Store a new memory for an agent.
Signature:
cortex.memory.store(
memorySpaceId: string,
entry: MemoryInput,
options?: { syncToGraph?: boolean }
): Promise<MemoryEntry>
Parameters:
interface MemoryInput {
// Content (required)
content: string; // The information to remember
contentType: "raw" | "summarized"; // Type of content
// Embedding (optional but preferred)
embedding?: number[]; // Vector for semantic search
// Context
userId?: string; // User this relates to
// Source (required)
source: {
type: "conversation" | "system" | "tool" | "a2a";
userId?: string;
userName?: string;
timestamp: Date;
};
// Layer 1 References (optional - link to ACID stores)
// ONE of these may be present (mutually exclusive)
conversationRef?: {
// Layer 1a: Private conversations
conversationId: string; // Which conversation
messageIds: string[]; // Specific message(s)
};
immutableRef?: {
// Layer 1b: Shared immutable data
type: string; // Entity type
id: string; // Logical ID
version?: number; // Specific version (optional)
};
mutableRef?: {
// Layer 1c: Shared mutable data (snapshot)
namespace: string;
key: string;
snapshotValue: any; // Value at indexing time
snapshotAt: Date;
};
// Metadata (required)
metadata: {
importance: number; // 0-100
tags: string[]; // Categorization
[key: string]: any; // Custom fields
};
}
Returns:
interface MemoryEntry {
id: string; // Auto-generated ID
memorySpaceId: string;
userId?: string;
content: string;
contentType: "raw" | "summarized";
embedding?: number[];
source: MemorySource;
conversationRef?: ConversationRef;
metadata: MemoryMetadata;
version: number; // Always 1 for new
previousVersions: []; // Empty for new
createdAt: Date;
updatedAt: Date;
lastAccessed?: Date;
accessCount: number; // Always 0 for new
}
Example 1: Conversation Memory (conversationRef required)
// FIRST: Store in ACID (you must do this first for conversations)
const msg = await cortex.conversations.addMessage("conv-456", {
role: "user",
text: "The password is Blue",
userId: "user-123",
});
// THEN: Store in Vector (with conversationRef linking to ACID)
const memory = await cortex.memory.store("user-123-personal", {
content: "The password is Blue",
contentType: "raw",
embedding: await embed("The password is Blue"),
userId: "user-123",
source: {
type: "conversation", // ← Conversation type
userId: "user-123",
userName: "Alex Johnson",
timestamp: new Date(),
},
conversationRef: {
// ← REQUIRED for conversations
conversationId: "conv-456",
messageIds: [msg.id], // From ACID message
},
metadata: {
importance: 100,
tags: ["password", "security"],
},
});
console.log(memory.id); // "mem_abc123xyz"
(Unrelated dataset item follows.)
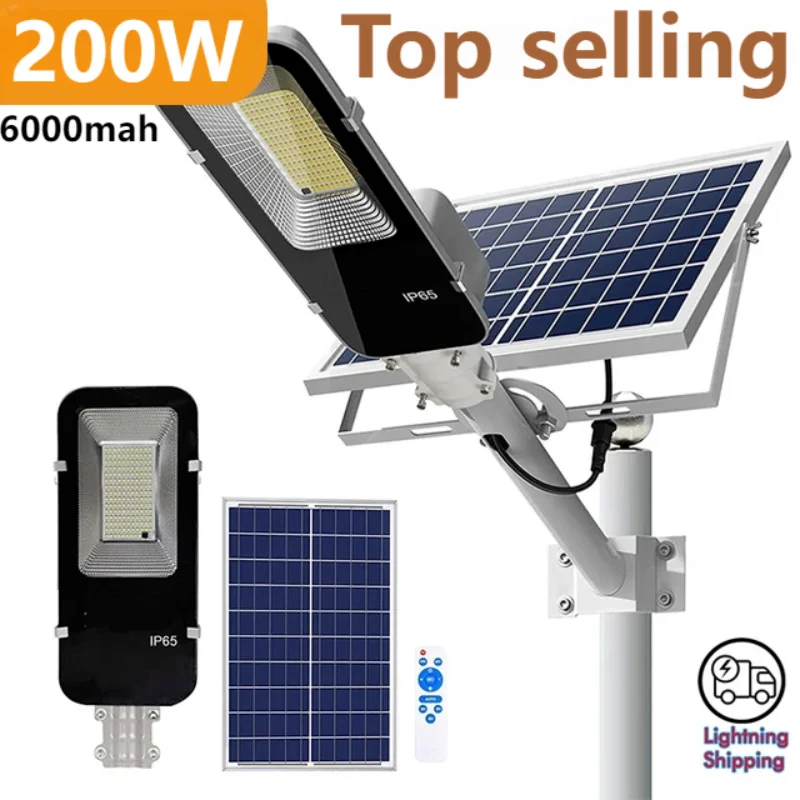 Solar Garden Light Dusk To Dawn - 200W Powerful Solar Light Outdoor Solar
console.log(memory.conversationRef.conversationId); // "conv-456"
Example 2: System Memory (no conversationRef)
// No ACID storage needed - this isn't from a conversation
const memory = await cortex.memory.store("user-123-personal", {
content: "Agent started successfully at 10:00 AM",
contentType: "raw",
source: {
type: "system", // ← System type
timestamp: new Date(),
},
// No conversationRef - not from a conversation
metadata: {
importance: 20,
tags: ["system", "status"],
},
});
Example 3: Use remember() - recommended for conversations
// Helper does both steps automatically
const result = await cortex.memory.remember({
memorySpaceId: "agent-1",
conversationId: "conv-456",
userMessage: "The password is Blue",
agentResponse: "I'll remember that!",
userId: "user-123",
userName: "Alex",
});
// Automatically:
// 1. Stored 2 messages in ACID
// 2. Created 2 vector memories with conversationRef
Errors:
CortexError('INVALID_AGENT_ID')- Agent ID is invalidCortexError('INVALID_CONTENT')- Content is empty or too largeCortexError('INVALID_IMPORTANCE')- Importance not in 0-100 rangeCortexError('CONVEX_ERROR')- Database error
See Also:
remember()
RECOMMENDED HELPER - Handles both ACID storage and Vector indexing automatically.
Signature:
cortex.memory.remember(
params: RememberParams,
options?: { syncToGraph?: boolean }
): Promise<RememberResult>
What it does:
- Stores raw messages in ACID (Layer 1)
- Creates vector memories in Vector Memory (Layer 2)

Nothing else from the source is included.